The candidates, despite their relentless schedules, know they won't make it to every community.
"I haven't even counted them," Lincoln said of her campaign stops so far. "If I counted them, I probably would get discouraged. One year, I tried to get to every one of my 94 communities (under the previous district lines), and I traveled steady for three months without ever getting back to my own bed. I got to 76."
The candidates also stay in touch through telephone and e-mail, contacting tribal and municipal officials in communities they might not be able to visit.
Unlike traditional campaigns, the vote-getting appeals in District C usually are at the retail, rather than wholesale level.
"In order to be heard in some of the communities, I have to do a (paid) radio spot here in Fairbanks," Lincoln said. She faults the urban media for scant coverage of rural election campaigns.
But with the lack of a central media market, advertising dollars are widely dispersed.
"I'm a statewide candidate, so I have to advertise just about everywhere," Carter said.
Lincoln decided against commissioning a $7,500 opinion poll and instead directed the money toward written materials and postage.
Lawn signs don't play the normal role, either. Lincoln often has to tell supporters that the signs should be on the lawns, not inside their homes.
When voters finally get to meet the candidates, they do hear differences.
Lincoln, still striking and colorful at age 59, is one of the most prominent Native voices in the state. She is one of the few lawmakers who have backed the Gwich'in Indians of Arctic Village in their opposition to oil exploration in the Arctic National Wildlife Refuge.
And she is an ardent supporter of constitutional protection for subsistence hunting and fishing in rural areas, an issue at the center of the urban-rural divide. The federal government now manages subsistence on federal lands and navigable waters -- about two-thirds of Alaska -- because of the Legislature's refusal to put a constitutional amendment for a rural priority on the election ballot.
Carter started off his campaign opposed to the constitutional amendment but now says he's willing to have the public vote.
Carter, 52, owns a gardening business and does weather observations for the FAA. He echoes the pro-development themes of Republican gubernatorial candidate Frank Murkowski, a U.S. senator.

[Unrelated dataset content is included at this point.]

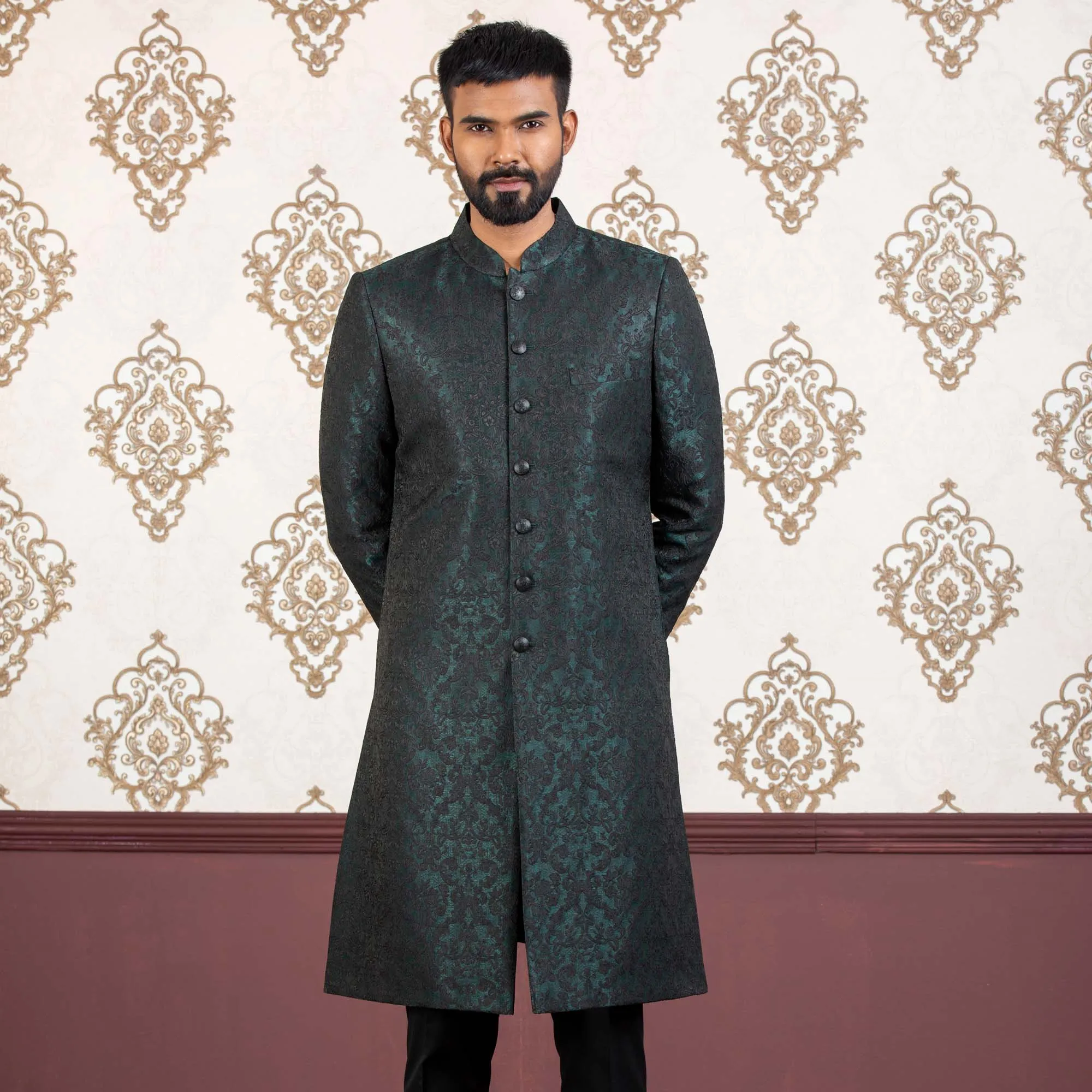 Mens Sherwani-Deep Green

Carter favors opening Alaska's National Wildlife Refuge (ANWR). And he agrees with Murkowski that the existing tax regime is adequate to close the state's fiscal gap, estimated at $1 billion when reserves run out in two or three years. The size of the fiscal gap is based largely on the price of oil, which accounts for about 80 percent of state general-purpose spending.
"The U.S. is gearing up for war with Iraq," Carter says. "I guarantee you if it does, the price of oil will jump to $40 a barrel." The historical average of the price of Alaska's North Slope oil is less than half of that. Recently, prices have been just under $30.

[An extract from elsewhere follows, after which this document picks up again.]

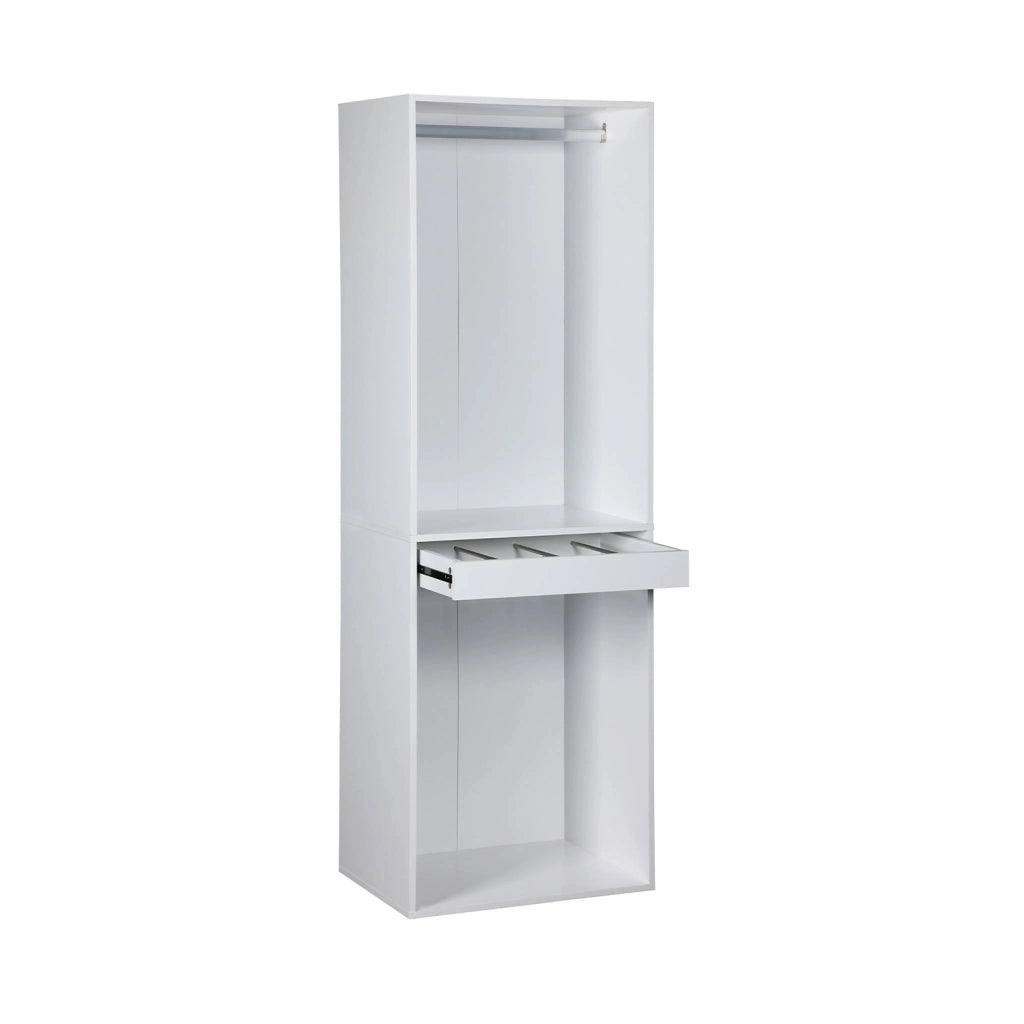 Modulo guardaroba con appendiabiti e portapantaloni, bianco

Alaska is the only state without either a statewide sales tax or an income tax. Lincoln, a member of the Democratic minority caucus in the Senate, has been among a bipartisan group of legislators pushing for new sources of revenue.
Whatever happens in the District C race, Republicans are expected to maintain control of the Legislature. And the urban-rural divide, including alleged disparities in the education aid formula and school construction and maintenance schedule, is likely to continue.
Whether District C itself continues indefinitely might be another matter.
The exodus from rural areas hasn't abated, and ultimately that could result in the nation's largest legislative district growing even larger. One political science professor has speculated that after the next Census in 2010 the U.S. Justice Department will step in and require Alaska to increase the size of the Legislature.